▶ **ASSIGNED TASK**:
Could the data below please be reproduced word for word, without the pictures?

(Image-caption web data)
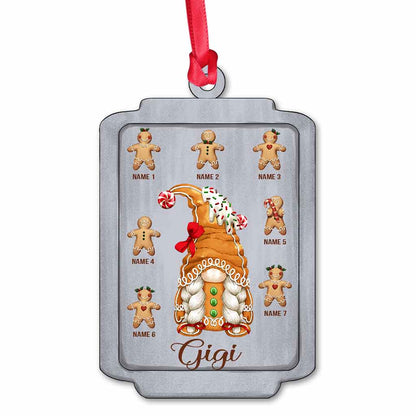 Gingerbread - Personalized Christmas Grandma Ornament (Printed On Both Sides)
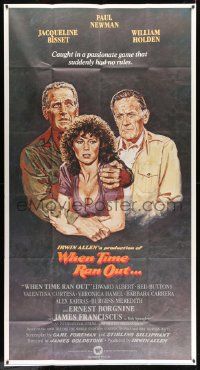 8j500 WHEN TIME RAN OUT 3sh '80 Paul Newman, William Holden & Jacqueline Bisset by Tanenbaum!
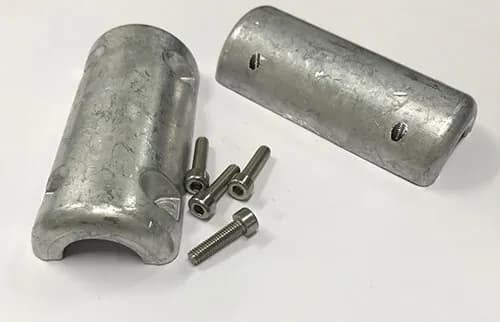 Anode, Aluminum alloy for SRV Retractable Thruster lower unit (2 needed)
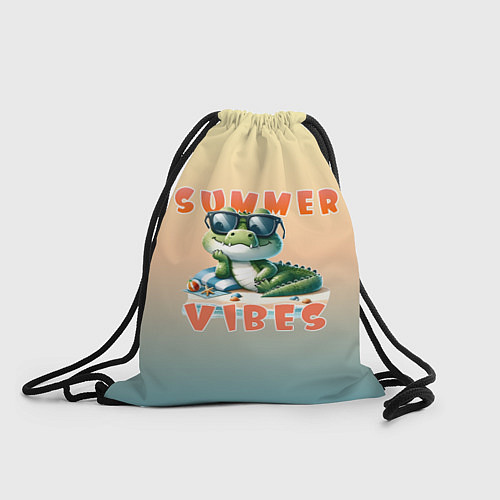 Мешок для обуви Крокодил на пляже / 3D-принт – фото 1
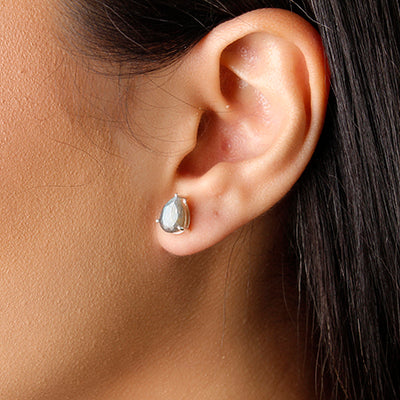 Brinco de Prata com Labradorita - 55591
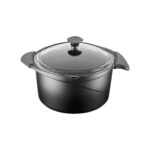 Aryıldız Flipper Siyah Cam 28 x 13 cm Tencere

▶ **FINAL ANSWER**:
 Gingerbread - Personalized Christmas Grandma Ornament (Printed On Both Sides)
 8j500 WHEN TIME RAN OUT 3sh '80 Paul Newman, William Holden & Jacqueline Bisset by Tanenbaum!
 Anode, Aluminum alloy for SRV Retractable Thruster lower unit (2 needed)
 Мешок для обуви Крокодил на пляже / 3D-принт – фото 1
 Brinco de Prata com Labradorita - 55591
 Aryıldız Flipper Siyah Cam 28 x 13 cm Tencere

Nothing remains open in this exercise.